Exercise data: Begin

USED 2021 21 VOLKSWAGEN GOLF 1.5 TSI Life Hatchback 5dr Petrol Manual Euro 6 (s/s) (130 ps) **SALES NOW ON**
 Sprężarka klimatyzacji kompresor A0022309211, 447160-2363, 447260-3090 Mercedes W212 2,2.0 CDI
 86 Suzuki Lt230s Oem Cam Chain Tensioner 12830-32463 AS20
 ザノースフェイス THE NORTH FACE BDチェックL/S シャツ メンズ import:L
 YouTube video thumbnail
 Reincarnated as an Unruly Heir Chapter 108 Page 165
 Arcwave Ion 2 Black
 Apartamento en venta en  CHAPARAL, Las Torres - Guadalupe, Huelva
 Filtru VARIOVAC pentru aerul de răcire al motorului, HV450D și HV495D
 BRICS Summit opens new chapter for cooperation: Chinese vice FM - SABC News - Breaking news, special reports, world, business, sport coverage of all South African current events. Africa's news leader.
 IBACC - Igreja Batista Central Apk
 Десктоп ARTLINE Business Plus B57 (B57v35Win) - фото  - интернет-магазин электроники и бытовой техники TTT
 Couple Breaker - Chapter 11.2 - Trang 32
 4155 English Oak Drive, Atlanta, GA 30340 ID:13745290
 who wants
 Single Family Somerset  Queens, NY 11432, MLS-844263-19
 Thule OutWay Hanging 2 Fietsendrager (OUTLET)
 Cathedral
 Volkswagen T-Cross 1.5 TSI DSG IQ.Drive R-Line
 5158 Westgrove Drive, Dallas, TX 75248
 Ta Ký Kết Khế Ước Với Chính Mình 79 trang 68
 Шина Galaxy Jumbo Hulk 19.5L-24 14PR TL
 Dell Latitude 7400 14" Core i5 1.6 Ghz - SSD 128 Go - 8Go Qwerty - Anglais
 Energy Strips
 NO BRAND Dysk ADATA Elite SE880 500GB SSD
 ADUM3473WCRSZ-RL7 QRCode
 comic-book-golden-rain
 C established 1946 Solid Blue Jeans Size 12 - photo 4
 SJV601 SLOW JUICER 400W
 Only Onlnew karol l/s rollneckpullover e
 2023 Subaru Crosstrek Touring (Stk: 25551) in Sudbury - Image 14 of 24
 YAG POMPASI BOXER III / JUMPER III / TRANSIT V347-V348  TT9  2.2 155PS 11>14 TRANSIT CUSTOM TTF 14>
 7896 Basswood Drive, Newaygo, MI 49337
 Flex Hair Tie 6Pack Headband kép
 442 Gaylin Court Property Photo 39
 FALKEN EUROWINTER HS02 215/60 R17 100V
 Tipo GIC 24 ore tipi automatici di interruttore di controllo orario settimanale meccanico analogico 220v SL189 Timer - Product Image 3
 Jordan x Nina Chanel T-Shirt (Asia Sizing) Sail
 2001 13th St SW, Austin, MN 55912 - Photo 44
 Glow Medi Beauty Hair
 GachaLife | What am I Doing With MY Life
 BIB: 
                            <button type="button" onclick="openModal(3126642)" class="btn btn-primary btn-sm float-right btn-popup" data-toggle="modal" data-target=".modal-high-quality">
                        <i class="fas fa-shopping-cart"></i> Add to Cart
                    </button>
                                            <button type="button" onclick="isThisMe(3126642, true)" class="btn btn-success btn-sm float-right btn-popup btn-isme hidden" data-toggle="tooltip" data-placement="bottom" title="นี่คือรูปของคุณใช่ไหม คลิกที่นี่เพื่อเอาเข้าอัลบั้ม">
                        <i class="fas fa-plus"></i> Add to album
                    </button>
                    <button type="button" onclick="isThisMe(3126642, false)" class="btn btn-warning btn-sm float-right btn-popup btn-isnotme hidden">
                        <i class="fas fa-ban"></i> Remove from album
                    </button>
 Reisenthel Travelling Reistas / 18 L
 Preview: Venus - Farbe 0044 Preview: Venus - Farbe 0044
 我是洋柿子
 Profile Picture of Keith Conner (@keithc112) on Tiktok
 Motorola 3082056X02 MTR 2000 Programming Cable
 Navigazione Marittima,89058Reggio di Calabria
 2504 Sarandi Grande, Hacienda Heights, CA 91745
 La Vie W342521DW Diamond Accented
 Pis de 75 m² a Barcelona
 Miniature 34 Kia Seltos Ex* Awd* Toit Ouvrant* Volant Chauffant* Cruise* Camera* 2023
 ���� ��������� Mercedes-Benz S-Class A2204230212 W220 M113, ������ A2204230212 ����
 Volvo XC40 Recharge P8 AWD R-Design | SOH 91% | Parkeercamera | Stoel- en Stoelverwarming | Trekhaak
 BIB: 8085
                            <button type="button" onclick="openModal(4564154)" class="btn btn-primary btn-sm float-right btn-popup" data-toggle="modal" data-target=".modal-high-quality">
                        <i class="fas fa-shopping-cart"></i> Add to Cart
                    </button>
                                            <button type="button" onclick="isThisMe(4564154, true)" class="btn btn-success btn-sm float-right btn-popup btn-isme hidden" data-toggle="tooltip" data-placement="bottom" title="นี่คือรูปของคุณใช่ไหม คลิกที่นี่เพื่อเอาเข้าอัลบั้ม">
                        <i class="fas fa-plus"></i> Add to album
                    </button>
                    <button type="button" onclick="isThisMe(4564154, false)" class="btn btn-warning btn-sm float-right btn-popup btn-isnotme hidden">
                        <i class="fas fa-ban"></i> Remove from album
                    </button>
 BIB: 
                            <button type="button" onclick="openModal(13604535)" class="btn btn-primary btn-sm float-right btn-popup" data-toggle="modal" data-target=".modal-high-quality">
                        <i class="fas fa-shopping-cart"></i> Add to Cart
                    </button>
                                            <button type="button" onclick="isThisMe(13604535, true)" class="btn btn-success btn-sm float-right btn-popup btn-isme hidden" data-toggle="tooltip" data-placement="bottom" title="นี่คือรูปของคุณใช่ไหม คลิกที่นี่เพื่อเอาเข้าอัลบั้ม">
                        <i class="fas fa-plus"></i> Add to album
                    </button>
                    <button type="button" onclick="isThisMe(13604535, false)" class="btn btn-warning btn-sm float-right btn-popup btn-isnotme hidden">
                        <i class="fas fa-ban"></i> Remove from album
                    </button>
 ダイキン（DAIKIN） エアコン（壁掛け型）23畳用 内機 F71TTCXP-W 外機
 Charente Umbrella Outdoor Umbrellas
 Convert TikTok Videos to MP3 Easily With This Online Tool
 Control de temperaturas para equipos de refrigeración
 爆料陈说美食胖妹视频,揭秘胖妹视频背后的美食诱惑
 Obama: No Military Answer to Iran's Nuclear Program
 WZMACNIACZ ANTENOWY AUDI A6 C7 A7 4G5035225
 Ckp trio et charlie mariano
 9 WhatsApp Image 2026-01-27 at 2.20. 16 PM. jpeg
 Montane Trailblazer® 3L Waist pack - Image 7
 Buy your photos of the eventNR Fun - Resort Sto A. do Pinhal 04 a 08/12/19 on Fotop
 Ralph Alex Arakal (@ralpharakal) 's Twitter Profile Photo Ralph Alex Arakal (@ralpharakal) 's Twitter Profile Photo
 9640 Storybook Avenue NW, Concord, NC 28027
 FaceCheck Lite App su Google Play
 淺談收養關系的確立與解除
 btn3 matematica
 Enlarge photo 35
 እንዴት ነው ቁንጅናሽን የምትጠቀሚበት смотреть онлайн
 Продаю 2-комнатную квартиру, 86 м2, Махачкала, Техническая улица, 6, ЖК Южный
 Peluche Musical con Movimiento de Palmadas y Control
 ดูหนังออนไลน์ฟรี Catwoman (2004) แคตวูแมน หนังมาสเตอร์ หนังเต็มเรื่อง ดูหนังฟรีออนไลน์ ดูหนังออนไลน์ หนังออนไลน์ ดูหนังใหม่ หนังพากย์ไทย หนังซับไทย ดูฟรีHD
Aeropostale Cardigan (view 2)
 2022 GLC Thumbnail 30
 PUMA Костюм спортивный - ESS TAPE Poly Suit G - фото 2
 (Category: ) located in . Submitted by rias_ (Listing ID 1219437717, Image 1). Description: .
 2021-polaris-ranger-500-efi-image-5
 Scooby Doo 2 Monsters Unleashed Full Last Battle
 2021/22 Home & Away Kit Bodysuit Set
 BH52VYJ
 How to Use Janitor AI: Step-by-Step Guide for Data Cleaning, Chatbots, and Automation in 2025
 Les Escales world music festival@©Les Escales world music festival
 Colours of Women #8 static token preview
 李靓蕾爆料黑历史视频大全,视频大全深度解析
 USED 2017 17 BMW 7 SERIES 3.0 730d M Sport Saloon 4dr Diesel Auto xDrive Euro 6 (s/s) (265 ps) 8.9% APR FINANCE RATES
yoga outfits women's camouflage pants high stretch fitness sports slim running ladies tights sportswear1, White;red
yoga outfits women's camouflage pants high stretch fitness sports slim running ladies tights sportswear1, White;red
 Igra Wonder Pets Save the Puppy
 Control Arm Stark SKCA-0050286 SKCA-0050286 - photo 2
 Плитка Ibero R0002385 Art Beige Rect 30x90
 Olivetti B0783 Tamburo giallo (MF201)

Exercise data: End

__About this exercise__. Every line above that holds "primary" counts once; state the total and nothing else.

__Solution to this exercise__. 3